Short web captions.
=======

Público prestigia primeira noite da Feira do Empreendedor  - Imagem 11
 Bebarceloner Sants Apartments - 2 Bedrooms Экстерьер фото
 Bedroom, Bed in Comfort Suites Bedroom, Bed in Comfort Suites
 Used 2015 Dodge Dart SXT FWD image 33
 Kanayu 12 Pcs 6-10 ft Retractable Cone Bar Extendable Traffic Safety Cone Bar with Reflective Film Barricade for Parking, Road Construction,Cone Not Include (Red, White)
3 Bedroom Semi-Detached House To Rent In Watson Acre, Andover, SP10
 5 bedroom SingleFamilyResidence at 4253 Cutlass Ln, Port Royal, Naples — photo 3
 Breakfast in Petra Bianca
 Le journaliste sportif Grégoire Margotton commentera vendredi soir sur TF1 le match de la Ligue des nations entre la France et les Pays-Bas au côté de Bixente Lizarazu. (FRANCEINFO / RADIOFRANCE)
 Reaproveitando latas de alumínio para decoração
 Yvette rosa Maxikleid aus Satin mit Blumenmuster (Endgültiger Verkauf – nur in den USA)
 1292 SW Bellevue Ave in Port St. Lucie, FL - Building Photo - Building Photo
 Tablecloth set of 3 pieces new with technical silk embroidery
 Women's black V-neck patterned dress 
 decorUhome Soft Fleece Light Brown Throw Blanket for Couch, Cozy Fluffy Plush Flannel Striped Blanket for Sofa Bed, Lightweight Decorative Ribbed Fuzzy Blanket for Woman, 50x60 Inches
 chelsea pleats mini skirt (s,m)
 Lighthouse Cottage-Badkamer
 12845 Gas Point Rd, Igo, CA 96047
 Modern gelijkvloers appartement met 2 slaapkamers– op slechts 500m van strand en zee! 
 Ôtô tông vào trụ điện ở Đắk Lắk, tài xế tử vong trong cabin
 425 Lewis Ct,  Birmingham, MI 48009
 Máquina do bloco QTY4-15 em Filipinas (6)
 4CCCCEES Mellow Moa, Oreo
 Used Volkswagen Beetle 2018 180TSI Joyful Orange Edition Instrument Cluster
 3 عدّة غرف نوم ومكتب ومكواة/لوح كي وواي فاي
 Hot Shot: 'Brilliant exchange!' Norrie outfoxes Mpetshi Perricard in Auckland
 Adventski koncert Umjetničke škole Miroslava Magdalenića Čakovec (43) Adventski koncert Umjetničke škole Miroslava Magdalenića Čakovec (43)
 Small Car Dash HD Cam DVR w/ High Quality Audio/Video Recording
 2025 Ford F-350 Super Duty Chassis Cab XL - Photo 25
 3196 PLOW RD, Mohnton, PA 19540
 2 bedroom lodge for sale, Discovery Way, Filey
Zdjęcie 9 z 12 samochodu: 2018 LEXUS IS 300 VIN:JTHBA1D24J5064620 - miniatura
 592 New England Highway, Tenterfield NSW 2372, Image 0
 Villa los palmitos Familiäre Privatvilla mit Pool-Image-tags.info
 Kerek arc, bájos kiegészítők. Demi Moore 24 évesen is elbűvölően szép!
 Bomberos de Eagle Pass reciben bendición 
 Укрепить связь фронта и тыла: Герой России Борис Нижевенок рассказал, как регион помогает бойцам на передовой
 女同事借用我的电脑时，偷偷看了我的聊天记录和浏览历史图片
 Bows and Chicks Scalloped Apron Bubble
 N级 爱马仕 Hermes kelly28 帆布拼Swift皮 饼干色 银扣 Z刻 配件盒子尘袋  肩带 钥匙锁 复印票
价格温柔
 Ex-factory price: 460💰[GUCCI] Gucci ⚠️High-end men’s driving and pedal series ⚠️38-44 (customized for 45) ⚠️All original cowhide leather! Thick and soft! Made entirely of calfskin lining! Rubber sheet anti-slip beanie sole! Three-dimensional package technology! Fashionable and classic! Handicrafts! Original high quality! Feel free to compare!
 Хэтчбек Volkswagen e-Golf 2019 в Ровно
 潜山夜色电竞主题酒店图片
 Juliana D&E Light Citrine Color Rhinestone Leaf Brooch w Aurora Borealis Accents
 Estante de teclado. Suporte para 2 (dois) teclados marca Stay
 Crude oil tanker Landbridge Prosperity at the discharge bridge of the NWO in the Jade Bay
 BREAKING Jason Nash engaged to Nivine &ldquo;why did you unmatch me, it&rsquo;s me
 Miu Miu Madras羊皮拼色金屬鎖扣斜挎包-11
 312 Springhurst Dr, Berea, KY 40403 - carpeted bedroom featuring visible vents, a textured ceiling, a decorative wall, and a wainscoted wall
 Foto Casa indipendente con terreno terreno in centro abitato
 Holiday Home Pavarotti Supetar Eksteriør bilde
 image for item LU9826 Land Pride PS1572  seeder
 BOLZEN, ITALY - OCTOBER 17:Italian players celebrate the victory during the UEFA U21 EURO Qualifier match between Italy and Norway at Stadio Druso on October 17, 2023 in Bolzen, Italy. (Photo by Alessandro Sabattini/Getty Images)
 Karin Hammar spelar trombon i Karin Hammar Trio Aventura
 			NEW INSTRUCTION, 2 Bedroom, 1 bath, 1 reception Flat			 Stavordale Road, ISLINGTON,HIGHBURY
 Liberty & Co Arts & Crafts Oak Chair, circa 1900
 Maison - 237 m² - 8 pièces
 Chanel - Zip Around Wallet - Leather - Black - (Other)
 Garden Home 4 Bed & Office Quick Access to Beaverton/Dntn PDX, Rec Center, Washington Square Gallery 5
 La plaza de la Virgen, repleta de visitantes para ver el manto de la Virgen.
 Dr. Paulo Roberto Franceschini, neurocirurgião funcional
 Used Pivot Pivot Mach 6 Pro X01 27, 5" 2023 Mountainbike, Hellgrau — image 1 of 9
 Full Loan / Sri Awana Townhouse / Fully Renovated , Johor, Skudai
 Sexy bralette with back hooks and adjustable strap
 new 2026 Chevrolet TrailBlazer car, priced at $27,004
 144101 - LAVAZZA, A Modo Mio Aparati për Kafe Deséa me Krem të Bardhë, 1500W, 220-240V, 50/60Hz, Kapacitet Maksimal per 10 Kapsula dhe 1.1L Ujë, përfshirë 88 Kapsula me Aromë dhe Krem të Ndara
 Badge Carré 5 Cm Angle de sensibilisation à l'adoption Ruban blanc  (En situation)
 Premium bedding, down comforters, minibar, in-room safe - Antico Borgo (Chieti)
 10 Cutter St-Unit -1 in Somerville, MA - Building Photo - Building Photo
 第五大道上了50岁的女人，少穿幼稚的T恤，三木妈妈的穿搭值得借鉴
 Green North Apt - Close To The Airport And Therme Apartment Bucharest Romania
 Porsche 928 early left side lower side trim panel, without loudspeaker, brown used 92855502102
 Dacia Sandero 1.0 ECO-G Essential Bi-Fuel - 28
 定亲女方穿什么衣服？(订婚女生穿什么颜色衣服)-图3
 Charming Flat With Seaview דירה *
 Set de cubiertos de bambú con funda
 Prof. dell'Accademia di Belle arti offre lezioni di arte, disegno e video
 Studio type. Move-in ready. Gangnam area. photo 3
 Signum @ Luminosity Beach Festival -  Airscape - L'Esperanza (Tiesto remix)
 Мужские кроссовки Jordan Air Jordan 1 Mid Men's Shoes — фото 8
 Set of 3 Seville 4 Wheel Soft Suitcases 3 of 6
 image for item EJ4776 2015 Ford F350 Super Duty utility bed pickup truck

=======

Work item. Copy out the lines beginning at the one that contains "Prof. dell'Accademia di". Stop at the final line of the data, and include it.

Result of the task.
 Prof. dell'Accademia di Belle arti offre lezioni di arte, disegno e video
 Studio type. Move-in ready. Gangnam area. photo 3
 Signum @ Luminosity Beach Festival -  Airscape - L'Esperanza (Tiesto remix)
 Мужские кроссовки Jordan Air Jordan 1 Mid Men's Shoes — фото 8
 Set of 3 Seville 4 Wheel Soft Suitcases 3 of 6
 image for item EJ4776 2015 Ford F350 Super Duty utility bed pickup truck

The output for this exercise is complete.